= Data shown =

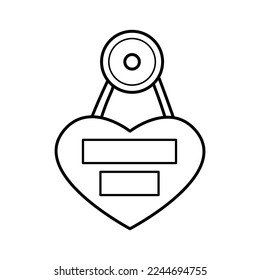 Signboard heart. Black and white vector image. Coloring.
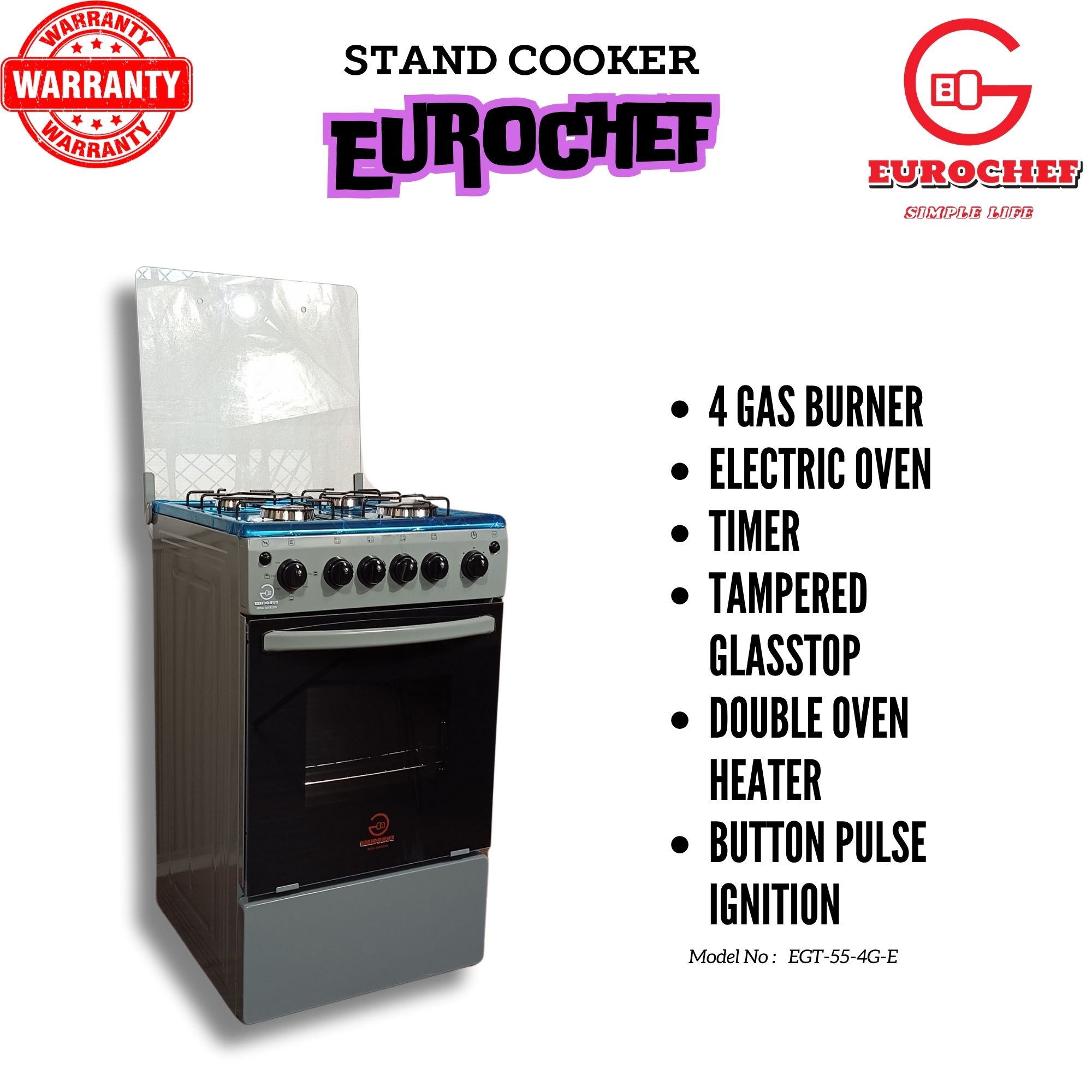 EUROCHEF EG55-4G+E 4 Gas Burner + Electric Oven Stand Gas Cooker  50x55cm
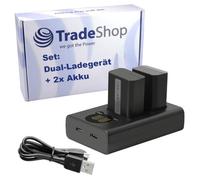 Trade-Shop Kit 3 en 1 : 2 batteries 1,3 Ah + micro USB type C double chargeur rapide LCD station de charge compatible avec Sony NP-FW50 / appareil photo numérique caméscope numérique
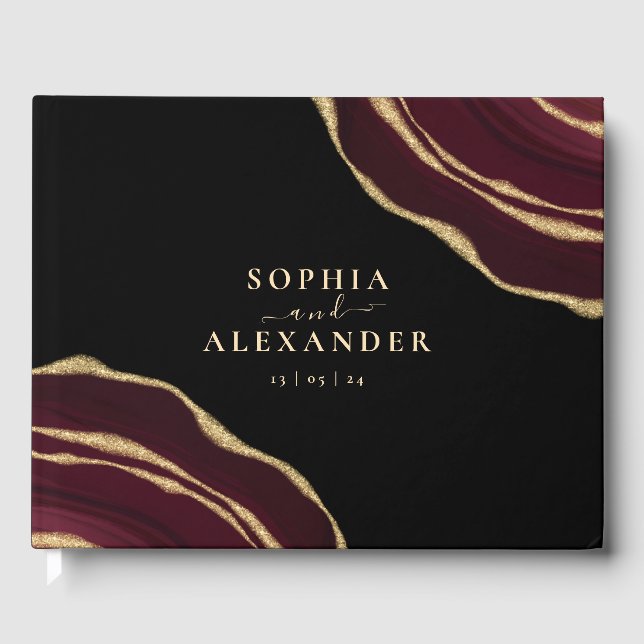 Burgundy agate gästböcker (Framsida)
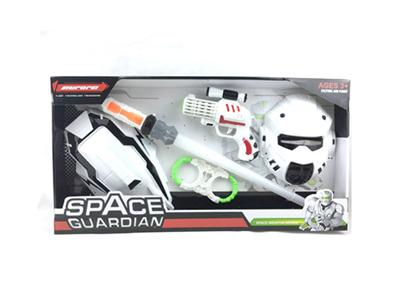 A space gun with a space bar with a mask with a mask and a handcuff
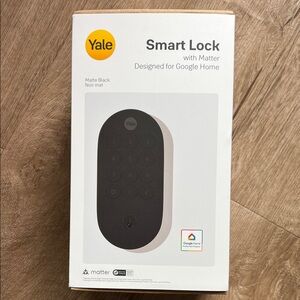 Brand New Google Home Compatible Yale Smart Lock with Matter - Matte Black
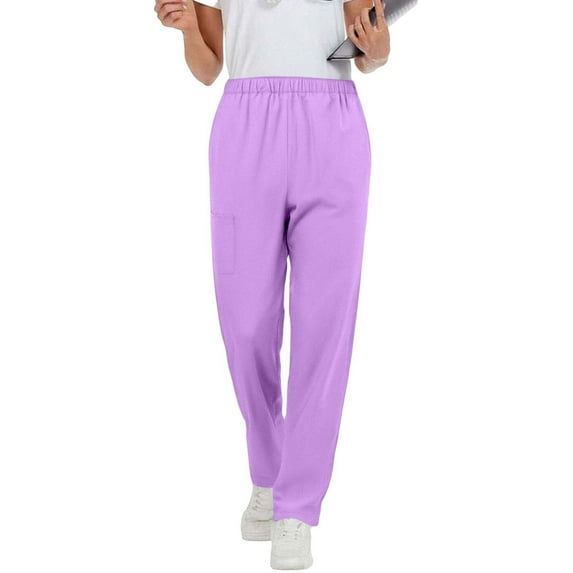 Homenesgenics Pants for Women Plus Size Women's Solid Color Straight Leg Work Pants with Elastic Waist and Pockets Nursing Pants Scrubs Purple S
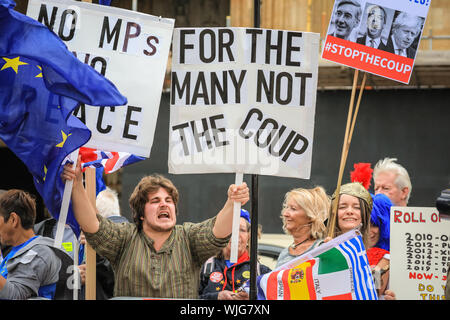 Westminster, Londra, 03 settembre 2019. Pro- e manifestanti Anti-Brexit rally intorno al parlamento e College Green in Westminster il giorno il Parlamento ritorna dal recesso. Foto Stock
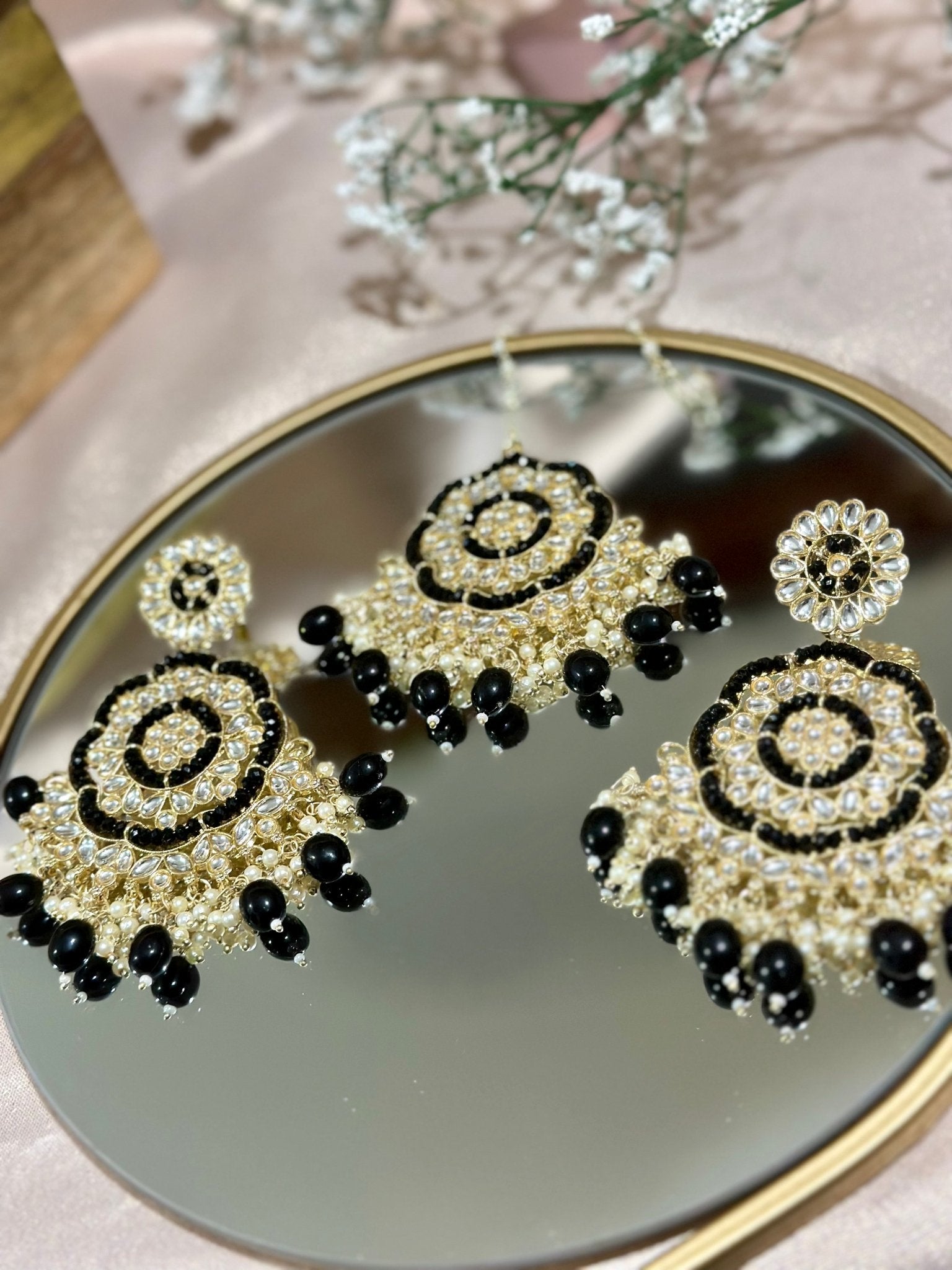 Black Gold Finished Kundan Earrings Tikka Set - DWEEP SARA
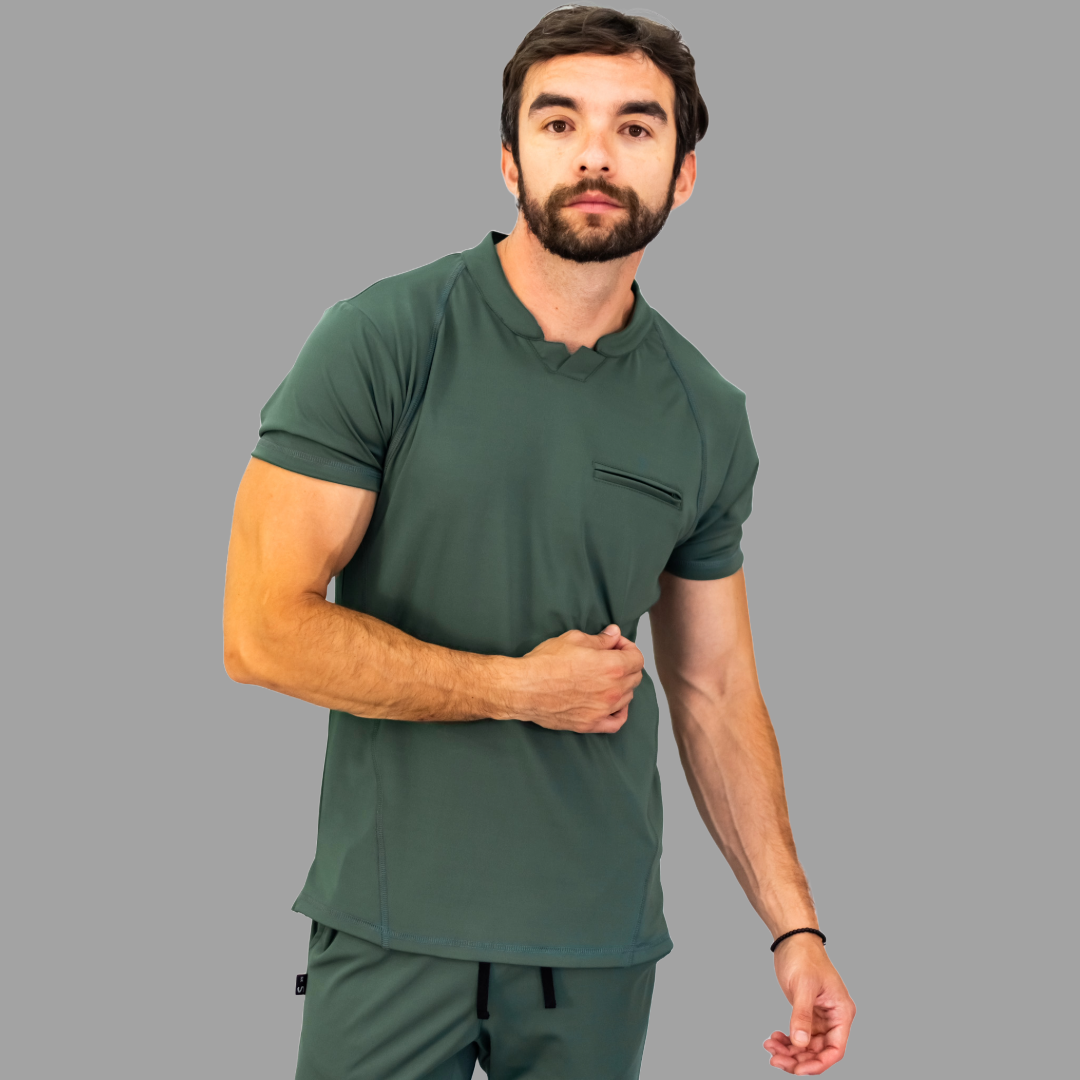 Filipina Quirurgica Hombre Verde Olivo Super Stretch, Scrubs Est. 910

= Task statement =
Print each record exactly as it stands, leaving the images out.

= The completed task =
 Signboard heart. Black and white vector image. Coloring.
 EUROCHEF EG55-4G+E 4 Gas Burner + Electric Oven Stand Gas Cooker  50x55cm
 Trade-Shop Kit 3 en 1 : 2 batteries 1,3 Ah + micro USB type C double chargeur rapide LCD station de charge compatible avec Sony NP-FW50 / appareil photo numérique caméscope numérique
 Burgundy agate gästböcker (Framsida)
 A space gun with a space bar with a mask with a mask and a handcuff
 Brand New Google Home Compatible Yale Smart Lock with Matter - Matte Black
 Homenesgenics Pants for Women Plus Size Women's Solid Color Straight Leg Work Pants with Elastic Waist and Pockets Nursing Pants Scrubs Purple S
 Westminster, Londra, 03 settembre 2019. Pro- e manifestanti Anti-Brexit rally intorno al parlamento e College Green in Westminster il giorno il Parlamento ritorna dal recesso. Foto Stock
 Black Gold Finished Kundan Earrings Tikka Set - DWEEP SARA
 Filipina Quirurgica Hombre Verde Olivo Super Stretch, Scrubs Est. 910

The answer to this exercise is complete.